▶ [EXERCISE DETAILS] After finding the line containing "[8568647] Toner Xerox" below, please output that line and each following one through the line containing "5 020436 079130", exactly as written.

▶ [Recorded data]
= = = = =

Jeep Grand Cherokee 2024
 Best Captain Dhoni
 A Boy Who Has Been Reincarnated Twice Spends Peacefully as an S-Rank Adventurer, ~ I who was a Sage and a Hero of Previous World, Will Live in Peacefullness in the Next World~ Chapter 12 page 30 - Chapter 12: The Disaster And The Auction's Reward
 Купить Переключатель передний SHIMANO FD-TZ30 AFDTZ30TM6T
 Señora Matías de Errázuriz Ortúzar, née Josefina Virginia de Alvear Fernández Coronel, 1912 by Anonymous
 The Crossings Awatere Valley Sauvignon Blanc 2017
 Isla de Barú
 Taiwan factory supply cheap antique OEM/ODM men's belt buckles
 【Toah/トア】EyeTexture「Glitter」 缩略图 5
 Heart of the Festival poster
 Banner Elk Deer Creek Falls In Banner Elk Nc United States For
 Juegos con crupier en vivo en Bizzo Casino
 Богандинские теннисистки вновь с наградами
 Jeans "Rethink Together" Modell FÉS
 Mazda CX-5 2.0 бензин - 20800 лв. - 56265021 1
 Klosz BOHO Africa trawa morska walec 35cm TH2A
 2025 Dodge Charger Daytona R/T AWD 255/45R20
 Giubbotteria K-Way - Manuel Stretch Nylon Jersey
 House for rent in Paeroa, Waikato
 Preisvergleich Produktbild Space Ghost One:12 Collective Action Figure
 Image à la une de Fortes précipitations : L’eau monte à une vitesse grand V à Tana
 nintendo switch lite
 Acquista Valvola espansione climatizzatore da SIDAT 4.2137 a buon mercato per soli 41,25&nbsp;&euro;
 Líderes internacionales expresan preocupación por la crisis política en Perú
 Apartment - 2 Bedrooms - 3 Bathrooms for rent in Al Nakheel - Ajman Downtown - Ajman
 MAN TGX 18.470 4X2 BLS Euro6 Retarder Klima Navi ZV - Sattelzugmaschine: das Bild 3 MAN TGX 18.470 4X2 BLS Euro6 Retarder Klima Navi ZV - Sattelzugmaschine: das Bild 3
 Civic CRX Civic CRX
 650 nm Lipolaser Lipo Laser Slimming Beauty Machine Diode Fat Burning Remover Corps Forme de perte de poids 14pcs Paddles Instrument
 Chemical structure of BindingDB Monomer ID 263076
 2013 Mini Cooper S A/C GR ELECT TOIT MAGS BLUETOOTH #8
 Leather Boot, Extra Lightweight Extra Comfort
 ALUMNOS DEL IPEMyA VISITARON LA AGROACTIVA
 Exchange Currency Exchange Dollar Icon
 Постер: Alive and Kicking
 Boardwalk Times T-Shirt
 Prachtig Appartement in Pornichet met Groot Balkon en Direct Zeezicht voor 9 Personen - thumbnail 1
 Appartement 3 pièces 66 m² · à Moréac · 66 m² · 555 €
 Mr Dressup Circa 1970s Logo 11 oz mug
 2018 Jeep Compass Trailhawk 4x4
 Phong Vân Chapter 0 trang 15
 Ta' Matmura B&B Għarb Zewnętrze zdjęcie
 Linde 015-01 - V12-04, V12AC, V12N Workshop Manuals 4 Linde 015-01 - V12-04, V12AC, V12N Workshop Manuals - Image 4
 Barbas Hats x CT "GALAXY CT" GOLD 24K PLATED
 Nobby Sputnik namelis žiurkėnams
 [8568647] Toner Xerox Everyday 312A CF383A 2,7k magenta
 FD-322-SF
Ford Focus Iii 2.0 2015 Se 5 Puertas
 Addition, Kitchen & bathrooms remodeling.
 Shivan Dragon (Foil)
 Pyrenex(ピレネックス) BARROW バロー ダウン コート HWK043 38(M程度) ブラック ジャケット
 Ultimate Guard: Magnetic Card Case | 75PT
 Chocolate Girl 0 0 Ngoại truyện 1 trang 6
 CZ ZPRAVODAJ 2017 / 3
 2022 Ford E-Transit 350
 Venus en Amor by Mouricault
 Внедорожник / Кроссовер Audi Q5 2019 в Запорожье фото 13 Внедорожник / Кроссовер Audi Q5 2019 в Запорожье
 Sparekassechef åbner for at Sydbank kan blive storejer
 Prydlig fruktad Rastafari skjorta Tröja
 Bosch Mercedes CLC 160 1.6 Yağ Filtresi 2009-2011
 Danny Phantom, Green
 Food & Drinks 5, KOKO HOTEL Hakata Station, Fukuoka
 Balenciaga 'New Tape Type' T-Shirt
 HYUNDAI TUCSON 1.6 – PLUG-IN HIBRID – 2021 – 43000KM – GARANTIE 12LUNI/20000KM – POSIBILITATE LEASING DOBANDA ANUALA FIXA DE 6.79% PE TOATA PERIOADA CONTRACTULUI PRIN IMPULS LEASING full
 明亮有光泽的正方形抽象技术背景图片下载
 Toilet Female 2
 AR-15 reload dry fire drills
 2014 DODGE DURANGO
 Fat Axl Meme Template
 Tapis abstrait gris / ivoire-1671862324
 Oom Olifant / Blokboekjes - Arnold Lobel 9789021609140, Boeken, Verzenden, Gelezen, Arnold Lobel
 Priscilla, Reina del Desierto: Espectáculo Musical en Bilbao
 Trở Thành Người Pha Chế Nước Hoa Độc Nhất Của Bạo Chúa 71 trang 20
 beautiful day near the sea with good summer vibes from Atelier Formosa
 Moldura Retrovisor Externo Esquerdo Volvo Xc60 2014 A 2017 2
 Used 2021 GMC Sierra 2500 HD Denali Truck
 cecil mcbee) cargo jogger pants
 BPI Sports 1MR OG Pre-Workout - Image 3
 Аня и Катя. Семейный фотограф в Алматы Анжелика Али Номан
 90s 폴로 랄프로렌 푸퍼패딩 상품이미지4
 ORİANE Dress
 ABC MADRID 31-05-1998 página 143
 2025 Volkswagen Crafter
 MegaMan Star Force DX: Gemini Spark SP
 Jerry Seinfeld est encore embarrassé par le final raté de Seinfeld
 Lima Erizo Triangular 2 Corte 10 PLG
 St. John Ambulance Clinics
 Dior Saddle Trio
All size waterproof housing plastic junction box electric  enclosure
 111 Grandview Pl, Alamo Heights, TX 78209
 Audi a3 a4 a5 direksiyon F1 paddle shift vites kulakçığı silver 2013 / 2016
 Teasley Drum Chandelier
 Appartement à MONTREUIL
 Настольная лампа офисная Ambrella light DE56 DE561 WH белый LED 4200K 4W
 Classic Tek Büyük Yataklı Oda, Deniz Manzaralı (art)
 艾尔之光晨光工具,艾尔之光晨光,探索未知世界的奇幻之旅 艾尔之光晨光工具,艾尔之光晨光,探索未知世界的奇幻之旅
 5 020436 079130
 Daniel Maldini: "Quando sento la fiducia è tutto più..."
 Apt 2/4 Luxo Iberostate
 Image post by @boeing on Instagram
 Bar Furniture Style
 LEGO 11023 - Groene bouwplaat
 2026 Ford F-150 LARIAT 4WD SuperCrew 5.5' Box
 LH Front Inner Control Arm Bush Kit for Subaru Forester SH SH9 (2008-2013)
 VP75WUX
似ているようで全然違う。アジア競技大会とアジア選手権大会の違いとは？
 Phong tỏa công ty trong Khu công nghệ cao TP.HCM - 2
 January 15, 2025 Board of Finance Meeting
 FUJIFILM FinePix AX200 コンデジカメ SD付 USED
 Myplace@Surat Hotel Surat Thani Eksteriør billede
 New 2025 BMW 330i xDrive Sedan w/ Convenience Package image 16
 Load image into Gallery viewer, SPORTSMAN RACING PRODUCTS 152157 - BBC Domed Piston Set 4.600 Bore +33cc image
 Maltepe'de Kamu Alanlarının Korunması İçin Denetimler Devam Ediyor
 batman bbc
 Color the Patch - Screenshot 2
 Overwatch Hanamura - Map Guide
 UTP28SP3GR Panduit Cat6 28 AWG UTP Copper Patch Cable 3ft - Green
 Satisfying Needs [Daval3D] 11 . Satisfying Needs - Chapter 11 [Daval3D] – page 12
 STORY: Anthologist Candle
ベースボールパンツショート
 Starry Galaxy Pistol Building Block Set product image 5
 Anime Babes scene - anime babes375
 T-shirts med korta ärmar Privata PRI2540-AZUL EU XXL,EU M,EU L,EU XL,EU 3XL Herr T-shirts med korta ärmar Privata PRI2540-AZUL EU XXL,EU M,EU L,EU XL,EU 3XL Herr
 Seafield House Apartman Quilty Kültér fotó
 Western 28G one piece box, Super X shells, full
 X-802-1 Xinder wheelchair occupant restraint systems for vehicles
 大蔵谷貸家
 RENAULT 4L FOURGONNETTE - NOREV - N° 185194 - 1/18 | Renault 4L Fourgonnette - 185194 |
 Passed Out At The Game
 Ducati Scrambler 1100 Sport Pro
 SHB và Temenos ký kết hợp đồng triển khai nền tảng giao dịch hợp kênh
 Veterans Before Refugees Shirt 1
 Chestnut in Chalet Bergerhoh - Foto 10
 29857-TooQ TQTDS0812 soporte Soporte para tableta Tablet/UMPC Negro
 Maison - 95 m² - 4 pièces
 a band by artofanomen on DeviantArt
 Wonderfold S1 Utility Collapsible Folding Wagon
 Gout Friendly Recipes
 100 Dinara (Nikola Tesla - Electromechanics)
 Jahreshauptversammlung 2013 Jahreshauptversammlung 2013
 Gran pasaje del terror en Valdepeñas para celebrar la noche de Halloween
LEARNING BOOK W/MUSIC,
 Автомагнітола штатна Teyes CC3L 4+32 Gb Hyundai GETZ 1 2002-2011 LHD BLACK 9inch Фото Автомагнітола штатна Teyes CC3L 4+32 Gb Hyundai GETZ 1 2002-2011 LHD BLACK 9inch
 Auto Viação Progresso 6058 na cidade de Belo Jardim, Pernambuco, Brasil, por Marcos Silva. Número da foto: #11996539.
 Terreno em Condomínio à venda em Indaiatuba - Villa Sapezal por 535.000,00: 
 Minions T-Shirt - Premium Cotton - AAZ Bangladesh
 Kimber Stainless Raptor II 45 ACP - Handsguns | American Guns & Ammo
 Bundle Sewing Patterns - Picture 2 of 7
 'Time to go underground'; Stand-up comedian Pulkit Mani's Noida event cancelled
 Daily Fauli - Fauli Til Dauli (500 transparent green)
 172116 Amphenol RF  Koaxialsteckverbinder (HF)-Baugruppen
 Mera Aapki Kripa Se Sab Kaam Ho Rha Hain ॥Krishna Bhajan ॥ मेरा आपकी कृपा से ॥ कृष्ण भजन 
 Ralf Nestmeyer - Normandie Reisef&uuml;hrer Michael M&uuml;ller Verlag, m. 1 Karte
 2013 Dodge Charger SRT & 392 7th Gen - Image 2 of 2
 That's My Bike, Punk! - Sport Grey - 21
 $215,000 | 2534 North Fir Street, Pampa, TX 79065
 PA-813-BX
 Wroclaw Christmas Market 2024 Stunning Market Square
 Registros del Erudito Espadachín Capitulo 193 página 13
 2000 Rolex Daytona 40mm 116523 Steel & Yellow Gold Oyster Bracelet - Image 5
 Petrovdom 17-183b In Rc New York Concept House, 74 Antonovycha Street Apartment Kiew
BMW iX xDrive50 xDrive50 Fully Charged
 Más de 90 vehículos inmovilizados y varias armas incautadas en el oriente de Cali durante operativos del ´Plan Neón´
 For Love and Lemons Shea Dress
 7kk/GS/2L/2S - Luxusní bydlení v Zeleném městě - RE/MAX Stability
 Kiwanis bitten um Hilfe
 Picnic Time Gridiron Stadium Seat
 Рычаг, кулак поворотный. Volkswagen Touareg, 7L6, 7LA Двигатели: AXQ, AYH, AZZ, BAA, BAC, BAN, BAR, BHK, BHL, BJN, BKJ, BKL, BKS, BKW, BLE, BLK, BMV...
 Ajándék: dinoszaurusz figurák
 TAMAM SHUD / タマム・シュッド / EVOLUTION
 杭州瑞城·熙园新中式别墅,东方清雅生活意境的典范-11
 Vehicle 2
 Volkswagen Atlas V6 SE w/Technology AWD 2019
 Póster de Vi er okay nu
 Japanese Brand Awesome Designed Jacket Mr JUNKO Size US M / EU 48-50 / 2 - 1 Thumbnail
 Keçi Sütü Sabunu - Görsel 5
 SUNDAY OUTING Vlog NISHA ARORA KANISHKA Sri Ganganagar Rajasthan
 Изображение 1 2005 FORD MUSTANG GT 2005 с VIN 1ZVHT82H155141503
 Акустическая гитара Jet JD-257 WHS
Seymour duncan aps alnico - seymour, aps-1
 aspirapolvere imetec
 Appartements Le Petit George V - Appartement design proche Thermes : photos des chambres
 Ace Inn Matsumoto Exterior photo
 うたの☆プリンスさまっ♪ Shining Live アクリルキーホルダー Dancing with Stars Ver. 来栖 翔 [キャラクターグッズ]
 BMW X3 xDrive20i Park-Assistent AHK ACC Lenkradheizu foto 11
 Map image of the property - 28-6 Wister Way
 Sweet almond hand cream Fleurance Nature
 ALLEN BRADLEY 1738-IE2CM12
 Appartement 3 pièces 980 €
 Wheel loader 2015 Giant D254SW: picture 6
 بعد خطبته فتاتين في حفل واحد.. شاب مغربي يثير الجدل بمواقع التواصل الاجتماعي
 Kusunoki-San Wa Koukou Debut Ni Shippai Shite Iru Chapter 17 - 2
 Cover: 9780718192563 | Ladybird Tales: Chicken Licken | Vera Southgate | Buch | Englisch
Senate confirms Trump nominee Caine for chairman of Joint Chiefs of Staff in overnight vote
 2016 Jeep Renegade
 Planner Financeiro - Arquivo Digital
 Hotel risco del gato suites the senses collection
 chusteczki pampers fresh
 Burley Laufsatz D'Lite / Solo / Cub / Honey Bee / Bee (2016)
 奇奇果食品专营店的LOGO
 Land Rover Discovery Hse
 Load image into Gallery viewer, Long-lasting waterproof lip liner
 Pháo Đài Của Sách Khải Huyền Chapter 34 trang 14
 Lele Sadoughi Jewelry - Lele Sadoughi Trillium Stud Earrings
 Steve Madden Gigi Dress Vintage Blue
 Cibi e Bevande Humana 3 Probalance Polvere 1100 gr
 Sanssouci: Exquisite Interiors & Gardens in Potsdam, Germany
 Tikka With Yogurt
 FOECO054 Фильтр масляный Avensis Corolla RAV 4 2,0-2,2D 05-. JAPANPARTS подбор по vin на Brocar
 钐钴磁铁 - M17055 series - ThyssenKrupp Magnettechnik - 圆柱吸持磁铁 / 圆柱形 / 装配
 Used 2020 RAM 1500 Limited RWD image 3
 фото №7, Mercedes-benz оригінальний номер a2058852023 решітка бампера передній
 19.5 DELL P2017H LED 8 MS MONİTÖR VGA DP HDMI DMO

= = = = =

▶ [EXERCISE RESPONSE]
 [8568647] Toner Xerox Everyday 312A CF383A 2,7k magenta
 FD-322-SF
Ford Focus Iii 2.0 2015 Se 5 Puertas
 Addition, Kitchen & bathrooms remodeling.
 Shivan Dragon (Foil)
 Pyrenex(ピレネックス) BARROW バロー ダウン コート HWK043 38(M程度) ブラック ジャケット
 Ultimate Guard: Magnetic Card Case | 75PT
 Chocolate Girl 0 0 Ngoại truyện 1 trang 6
 CZ ZPRAVODAJ 2017 / 3
 2022 Ford E-Transit 350
 Venus en Amor by Mouricault
 Внедорожник / Кроссовер Audi Q5 2019 в Запорожье фото 13 Внедорожник / Кроссовер Audi Q5 2019 в Запорожье
 Sparekassechef åbner for at Sydbank kan blive storejer
 Prydlig fruktad Rastafari skjorta Tröja
 Bosch Mercedes CLC 160 1.6 Yağ Filtresi 2009-2011
 Danny Phantom, Green
 Food & Drinks 5, KOKO HOTEL Hakata Station, Fukuoka
 Balenciaga 'New Tape Type' T-Shirt
 HYUNDAI TUCSON 1.6 – PLUG-IN HIBRID – 2021 – 43000KM – GARANTIE 12LUNI/20000KM – POSIBILITATE LEASING DOBANDA ANUALA FIXA DE 6.79% PE TOATA PERIOADA CONTRACTULUI PRIN IMPULS LEASING full
 明亮有光泽的正方形抽象技术背景图片下载
 Toilet Female 2
 AR-15 reload dry fire drills
 2014 DODGE DURANGO
 Fat Axl Meme Template
 Tapis abstrait gris / ivoire-1671862324
 Oom Olifant / Blokboekjes - Arnold Lobel 9789021609140, Boeken, Verzenden, Gelezen, Arnold Lobel
 Priscilla, Reina del Desierto: Espectáculo Musical en Bilbao
 Trở Thành Người Pha Chế Nước Hoa Độc Nhất Của Bạo Chúa 71 trang 20
 beautiful day near the sea with good summer vibes from Atelier Formosa
 Moldura Retrovisor Externo Esquerdo Volvo Xc60 2014 A 2017 2
 Used 2021 GMC Sierra 2500 HD Denali Truck
 cecil mcbee) cargo jogger pants
 BPI Sports 1MR OG Pre-Workout - Image 3
 Аня и Катя. Семейный фотограф в Алматы Анжелика Али Номан
 90s 폴로 랄프로렌 푸퍼패딩 상품이미지4
 ORİANE Dress
 ABC MADRID 31-05-1998 página 143
 2025 Volkswagen Crafter
 MegaMan Star Force DX: Gemini Spark SP
 Jerry Seinfeld est encore embarrassé par le final raté de Seinfeld
 Lima Erizo Triangular 2 Corte 10 PLG
 St. John Ambulance Clinics
 Dior Saddle Trio
All size waterproof housing plastic junction box electric  enclosure
 111 Grandview Pl, Alamo Heights, TX 78209
 Audi a3 a4 a5 direksiyon F1 paddle shift vites kulakçığı silver 2013 / 2016
 Teasley Drum Chandelier
 Appartement à MONTREUIL
 Настольная лампа офисная Ambrella light DE56 DE561 WH белый LED 4200K 4W
 Classic Tek Büyük Yataklı Oda, Deniz Manzaralı (art)
 艾尔之光晨光工具,艾尔之光晨光,探索未知世界的奇幻之旅 艾尔之光晨光工具,艾尔之光晨光,探索未知世界的奇幻之旅
 5 020436 079130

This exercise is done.